Were you surprised that The News reported in 1990 that 189 lawsuits had been filed at that point against the city and the Red Wings by injured patrons?
No. The problems of the interior-aisle stairs alone could be responsible for many fall-related injuries to patrons. … I would say the Joe Louis poses about 1 to 100 times more risk of stair-related falls.
[In an emergency evacuation] … underfoot dangers, such as from irregular or undersized stair treads, greatly increase the risk of mass-casualty incidents.
There are no inside railings for the vertical stairs and aisles inside Joe Louis Arena. What do codes require today?
In 1978, I headed up a major field study of aisle-stair handrails, installed in the middle of the aisles of a large stadium in Edmonton, [Alberta] Canada. The handrails had breaks every three to five rows to permit people to cross from one side to the other. They worked well and were very heavily used.
During the 1980s, this resulted in all of the U.S. model building codes … adding requirements for installation of such handrails on all aisle stairs of new buildings.
What should be done with the Joe Louis exterior stairs today? If concrete ramps are used, should they be protected from the weather?
I have not seen the outside stairs in many years, so I can’t provide advice as to how extensive the remedial measures should be. In 1990, there was evidence of severe deterioration. Complete redesign might be prudent. As for ramps, they should be protected from the weather [as should be the stairs].
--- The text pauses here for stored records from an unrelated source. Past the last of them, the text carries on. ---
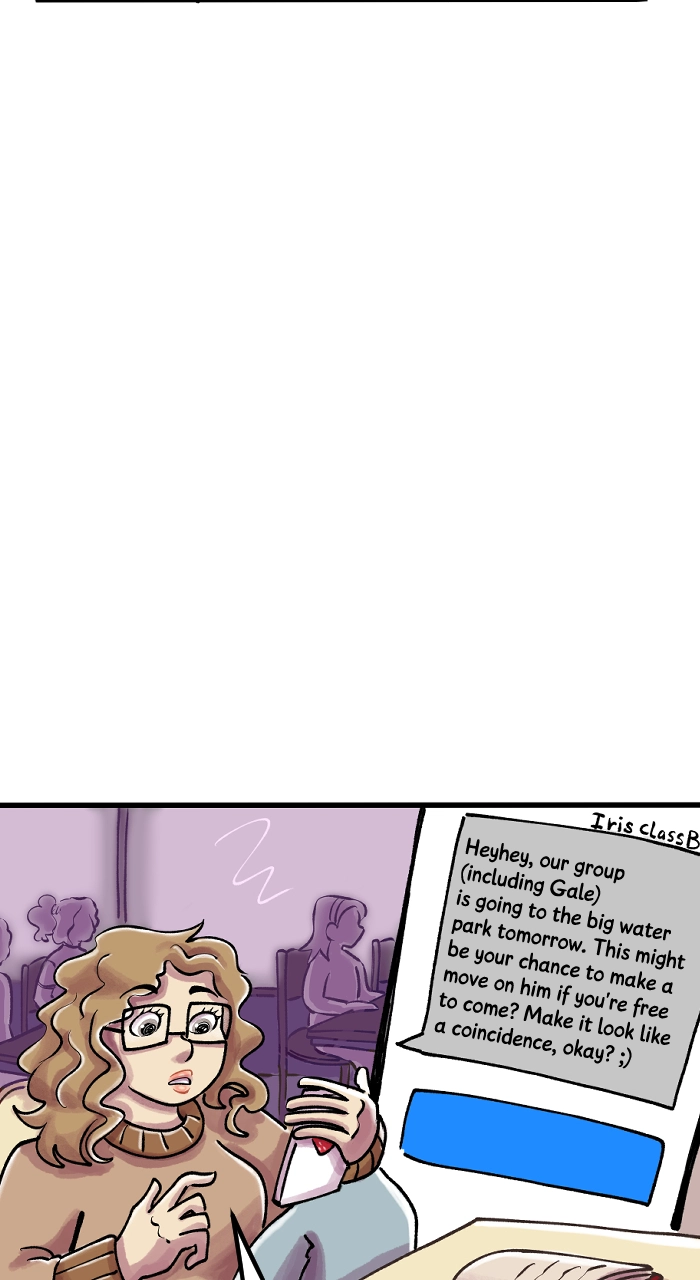 Read Deception chapter 318 image 32 on Lezhin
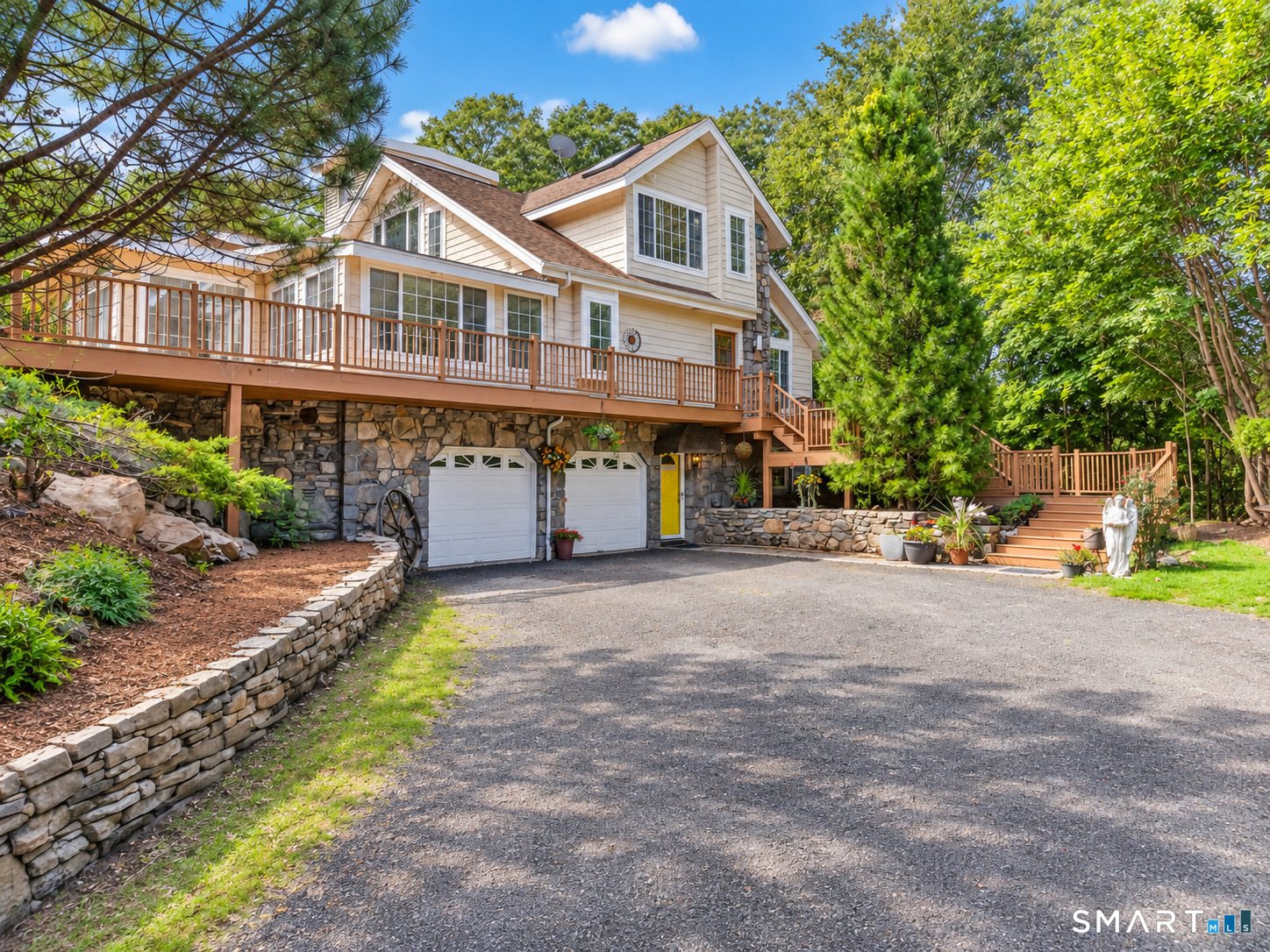 332 Lantern Hill Road Stonington CT 06355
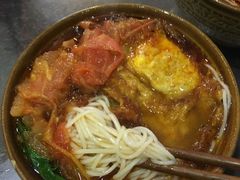 -华兴街煎蛋面(总店)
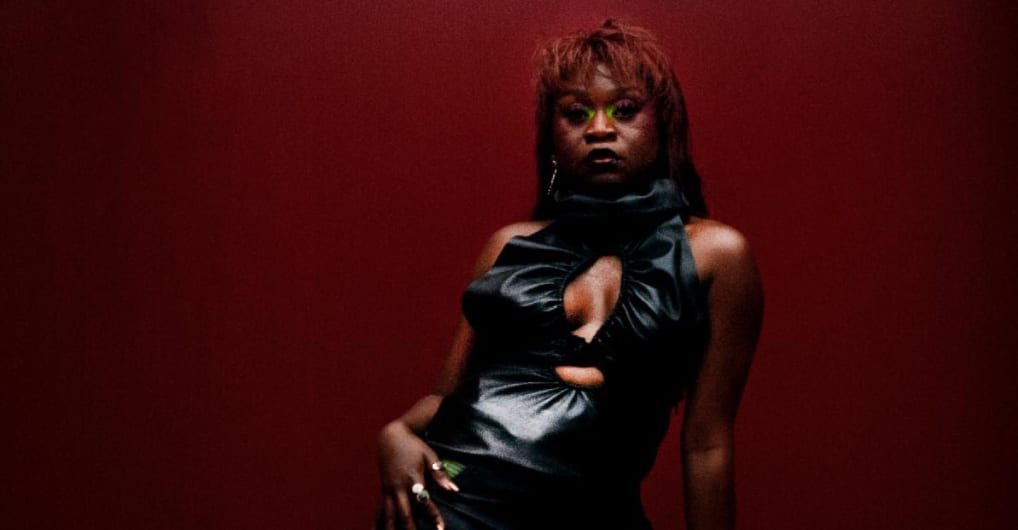 #Sampa The Great announces new album, shares “Never Forget”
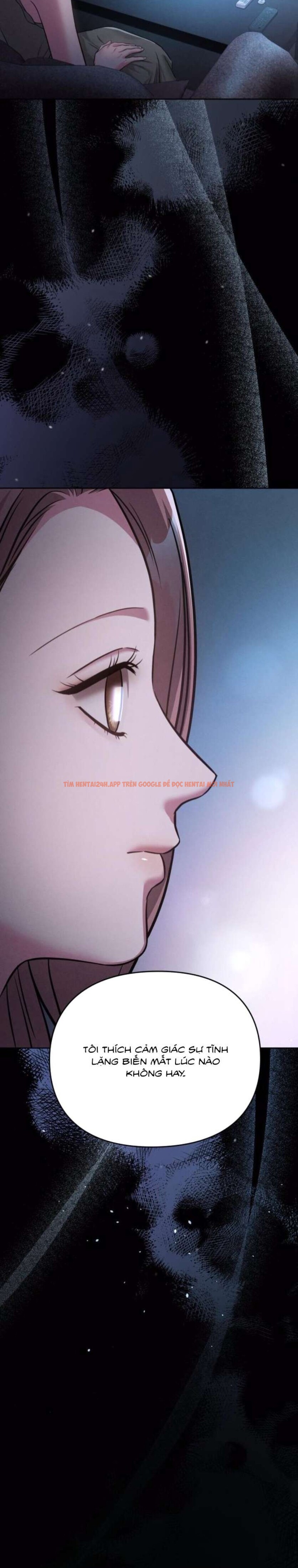 Xem ảnh 2 4 trong truyện hentai [18+] Người Bạn Ban Đêm - Chapter 12 - www.hentaitvn.net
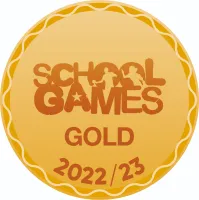 school games logo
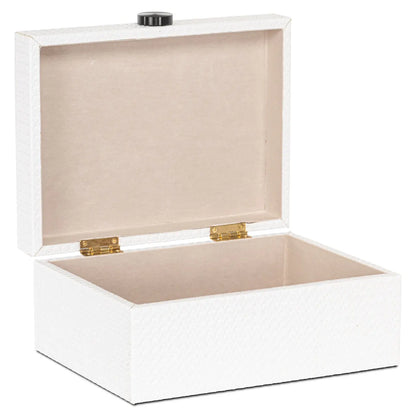 Boîte de rangement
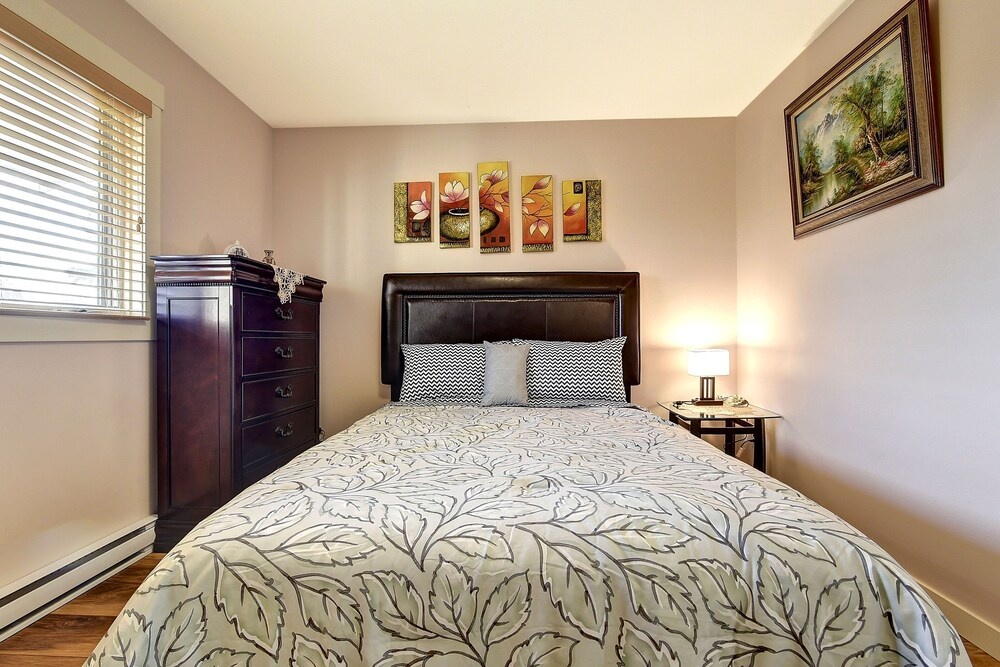 Beautiful Rodee Homestay -west Kelowna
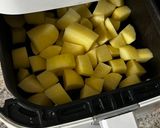 Foto del paso 2 de la receta: Papitas bravas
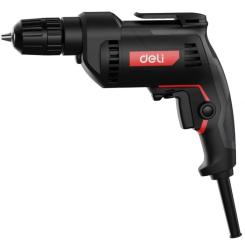 Дрель Deli 500 Вт, 10 мм Фото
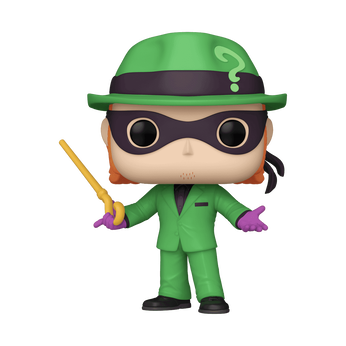 Imagem do Pop! The Riddler 469 0.00
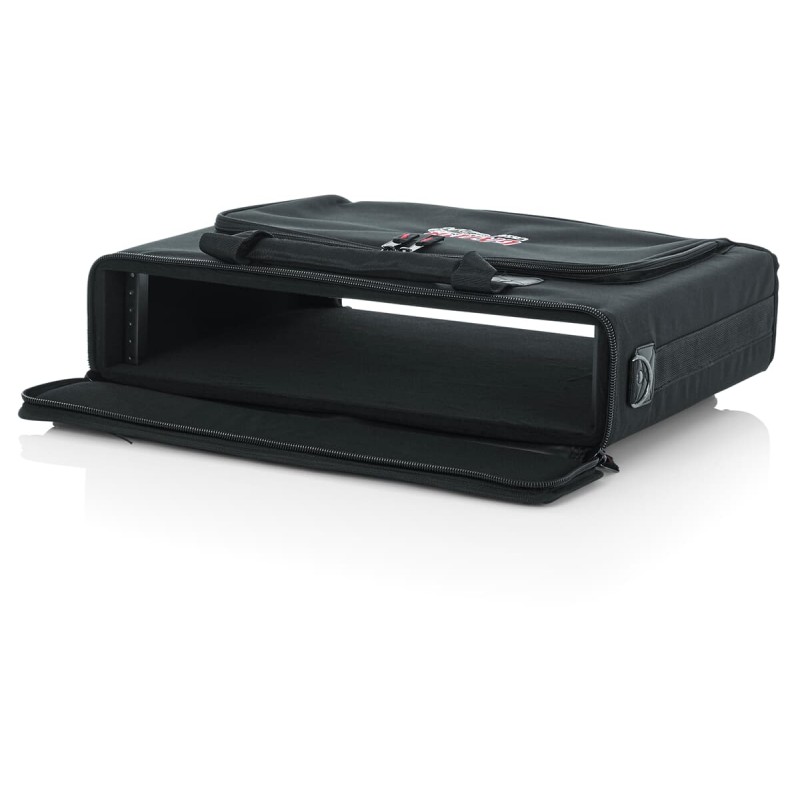 Gator Cases GRB-2U - Torba rack 2U Gator Cases GRB-2U - Torba rack 2U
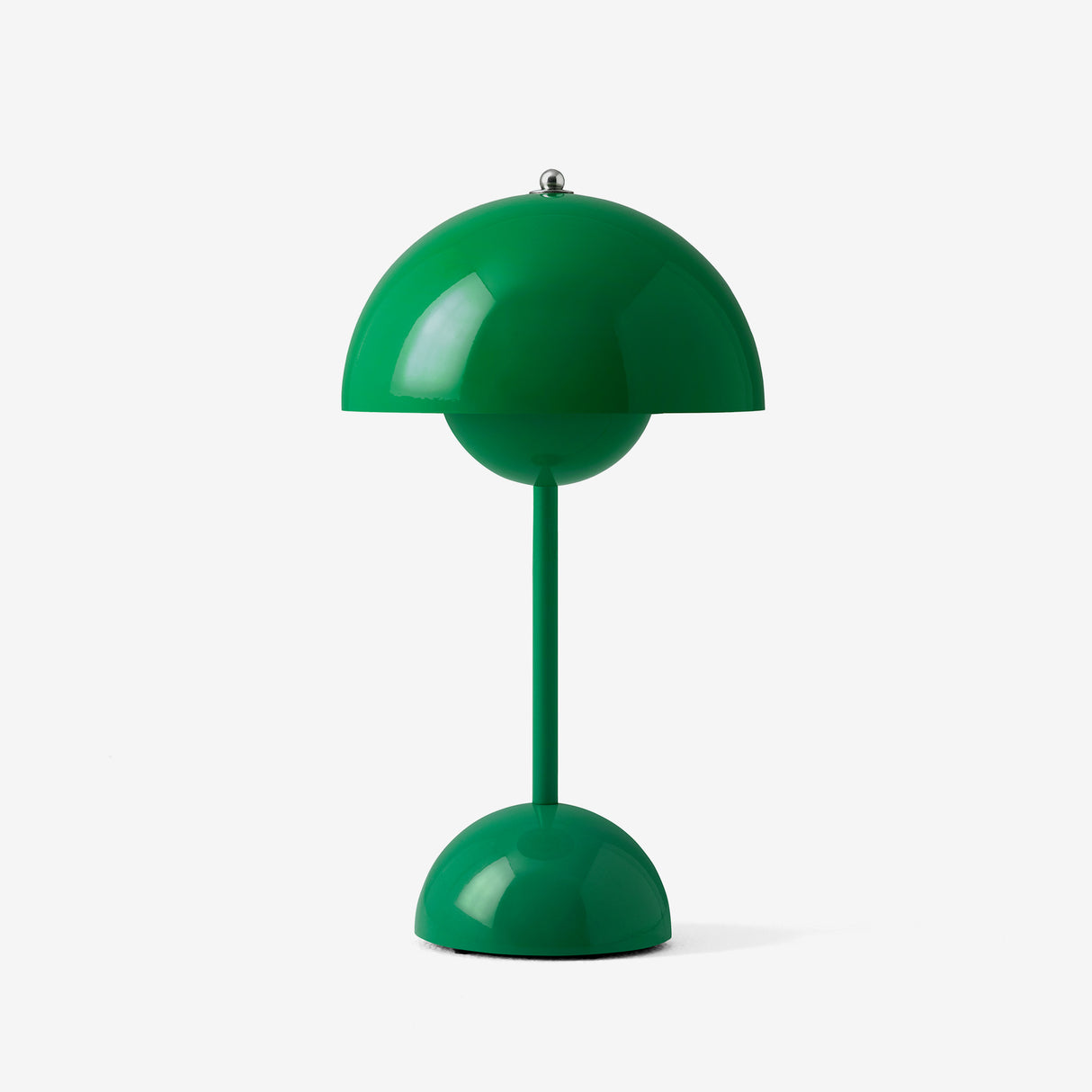 Flowerpot VP9 Portable Lamp
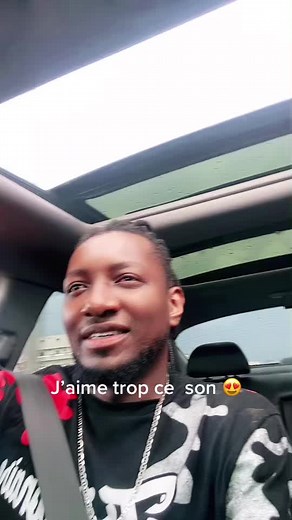 Vidéos de Admow (@admow_off) avec Mon bébé - Dieson Samba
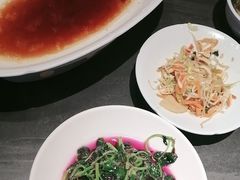 -小厨娘金榜题名(夫子庙秦淮河店)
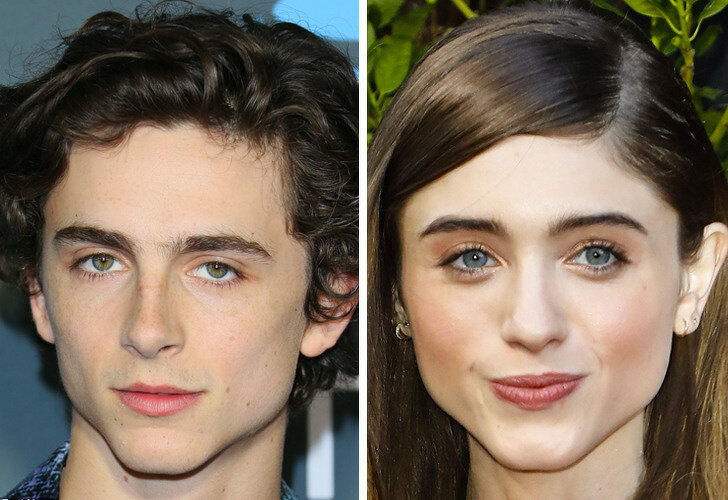 © jlazebnik / Twitter   © JEAN-BAPTISTE LACROIX/AFP/East News   © Gael Colliguet/KCS/East News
You mentioned the risk level at Joe Louis Arena with 20,000 patrons climbing or using the banks of six exterior stairs for every hockey game. This doesn’t include the millions of visitors who used Joe Louis Arena for other events. What’s the formula for determining an arena’s risk level?
I would add that today — in a post 9/11 era — we have much more to worry about in large facilities for public assembly. Again, I would stress reliance on NFPA standards. [Also], there have been major changes in people’s fitness in recent years that could drastically affect things like stairway safety and egress performance. We should not design for people as they were in the 1970s. They are much more prone now to falls and injuries. They are less able to respond quickly and safely in an emergency evacuation.